24723 – All answers confined to characters in the first 25…

Posted on Categories Daily Cryptic
Time taken to solve: 40 minutes. Most of this went in quite easily, especially the SW where I was solving faster than I could write (a rare experience for me) but I slowed towards the end and took a while to sort out the 5s and 11ac. The four words used to clue a single letter at 5ac threw me completely and in the end I solved it by finding a word that fitted the checkers and the definition in the final word of the clue. There’s not a great deal of complexity here but it was a pleasant enough work-out for a blogging day.

Across
1 FACILITY – Anagram of ‘clay if it’.
5 GROUND – G,ROUND – My last one in as I was distracted by the first three words of the clue. I had assumed that G was clued by ‘gravity’ whereas it is actually ‘acceleration due to gravity’.
8 RYE – Double definition. I lost time here trying to accommodate ‘Rio’, the usual 3-letter port starting with R. RYE in East Sussex was one of the ‘Cinque Ports’.
9 TORCHLIGHT – TORCH,LIGHT – The defintion ‘portable beams’ amused me.
10 PEKINESE – Anagram of ‘keeps, in East‘.
11 AUNTIE – A,UNTIE
12 OOPS – I solved this thinking Old,OPS but on reflection it needs to be O(Old)PS to account for ‘restricted’. On edit: On further reflection perhaps either would work – see Jerry’s comment below.
14 SEE-THROUGH – Double definition, one of them cryptic.
17 I’m leaving this easy anagram out.
20 TALL – TALLy  – As in ‘tall story’ meaning a lie.
23 STATUE – STAT(U)E
24 SPARSITY – S,PARTY around IS (reversed).
25 ART GALLERY – ART(GALL)ERY
26 AGO – A, GO – GO is a Japanese board-game that I only know of through crosswords. 
27 HEARTY – tHE pARTY
28 FEEDBACK –  This clue is a rather cheeky instruction to find a word meaning ‘response’ using a selection of the letters A-K!
 
Down
1 FIREPROOF – IF (reversed), REPROOF
2 CHECK-UP – I think of ‘up’ as meaning ‘at or to university’ rather than ‘in university’.
3 LATENT – L,A,TENT
4 THRESHERS – THRE(SH)E RS – I’m not sure how far abroad the expression ‘The Three Rs’ has travelled. For anyone who doesn’t know, they are ‘Reading, Writing and Arithmetic’, hence ‘early schoolwork’. Brewer’s advises that it was originated by an illiterate lord mayor of London by the name of Sir William Curtis (1752-1829) who gave as a toast ‘Riting, Reading and Rithmetic’.
5 GOLIATH – ‘Trouble’ = AIL which is then reversed inside GOTH to give the Philistine giant slain by David in the first book of Samuel.
6 ORGAN LOFT – Cryptic definition, ‘voluntary’ being an organ solo.
7 NOTHING – Those of a certain generation may remember Brenda Lee singing ‘Sweet Nothin’s’ which seem to be defined as inconsequential messages of love. ‘Love’ also serves as the definition here.
15 TAILPIECE – Sounds like ‘tale peace’ with a reference to Tolstoy’s most famous work ‘War and Peace’. A coda in music is a section tacked on at the end usually in addition to the main structure of the composition.
16 HOLLYHOCK – HOLLY,HOCK – ‘a white’ clueing ‘wine’ caught me out when it came up a couple of weeks ago but I remembered it today. HOCK is a dry white wine from the Rhineland.
18 RAT RACE – R,A,TRACE
19 DIETARY – DIET,A,RY – A diet can be a legislative assembly, hence ‘parliament’ in the clue.
21 ALI BABA – ALI(B,AB)A – B for bowled in cricket and Jack (Tar) being a sailor accounts for AB here. Ali Baba’s spell used to open the door of the robbers’ cave was “Open sesame!”
22 ‘fraid I’m omitting this one!

36 comments on “24723 – All answers confined to characters in the first 25…”
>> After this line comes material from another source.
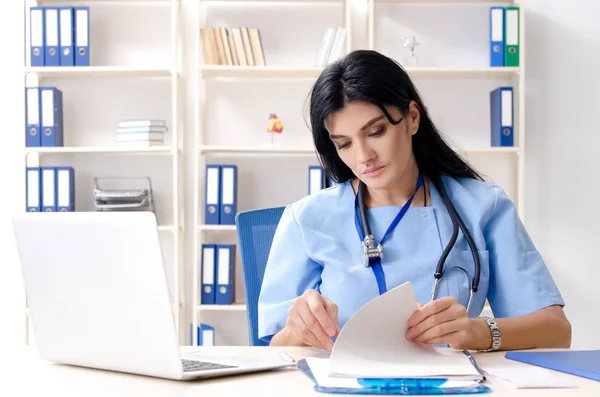 Middle aged female doctor working at the clinic — Stock Photo, Image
  1. Deceptively tricky fellow, this, with the 15/24 crossing pair last to fall. I had jotted SPARSITY down early in the piece, but hadn’t been able to spot the wordplay and was a little uncertain whether it could be used as an alternative to ‘sparseness’. TAILPIECE was also unfamiliar, and in this case I only saw the wordplay post-solve.

    Six consecutive downs (3, 4, 5, 6, 7 &13) went in on the first reading, which means either I’m getting better or they were pretty straightforward. 73 minutes.
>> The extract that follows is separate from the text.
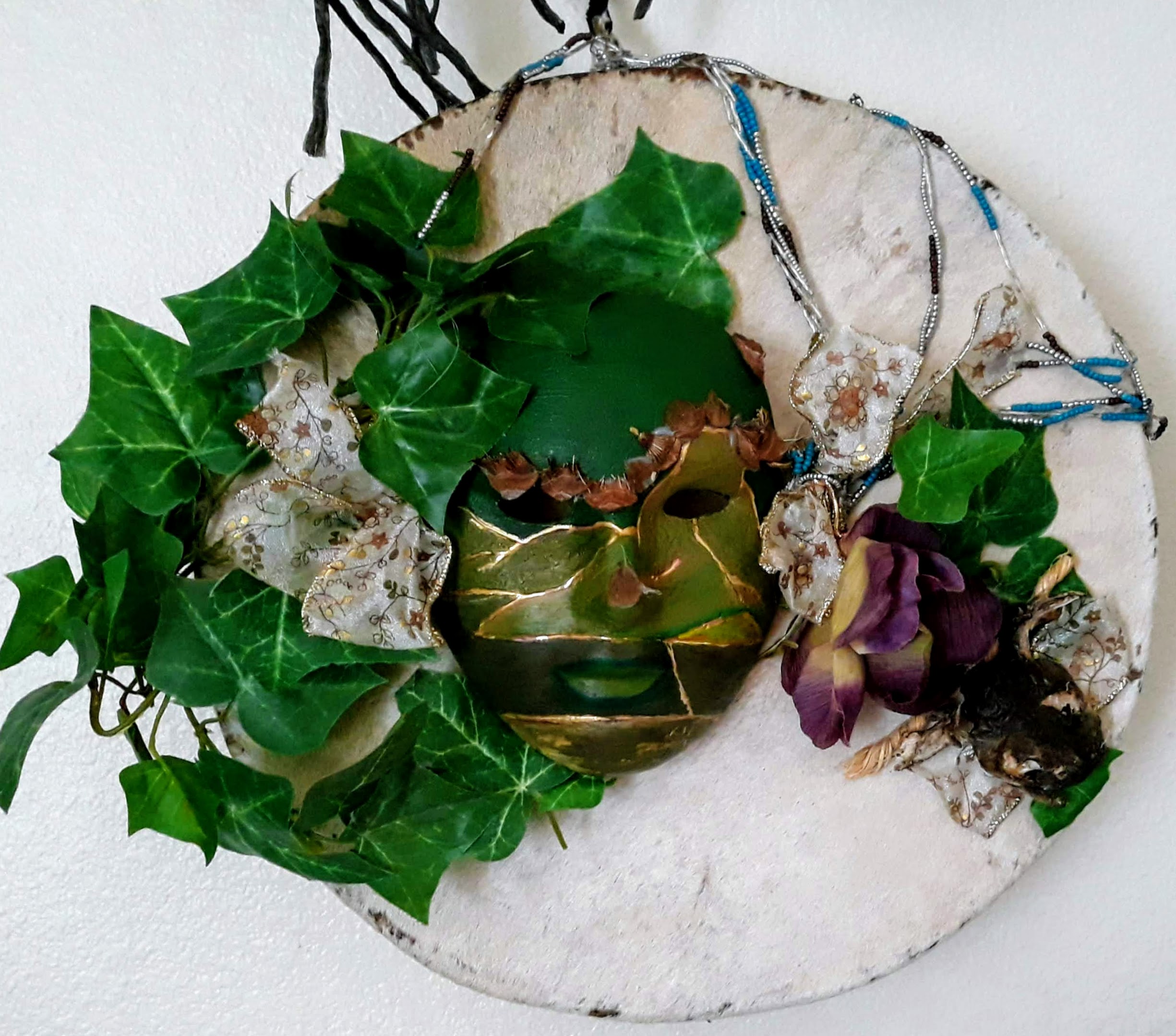 mask on drum skin with green foliage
  2. Forgot to time this, but around 35 minutes. Thought 28a was a bit below the standard of the rest of it.
      1. Perhaps I’m being too picky. I guess it is okay as a one-off, but it does seem a little broad as a cryptic – particularly given the wide range of letters involved – but at least you knew it had to have a K in it somewhere.
  3. Nice crossword, a steady solve at 18 mins.
    In 12ac “restricted” could be a containment indicator but it could also mean abbreviated, so it seems to me either parsing works.
  4. Defeated by RYE even with two checking letters! Otherwise 14ac brought a smile and so is my COD.
  5. Was determined to finish today, after yesterday’s DNF, and I did, but at 6d got POST instead of LOFT
    🙁

    Found LHS much easier than R, didn’t get the HOCK = white (wine) before checking here. SPARSITY and THRESHERS last ones in (liked 3 Rs), but my COD is AUNTIE for its simplicity. Took me ages to get that one!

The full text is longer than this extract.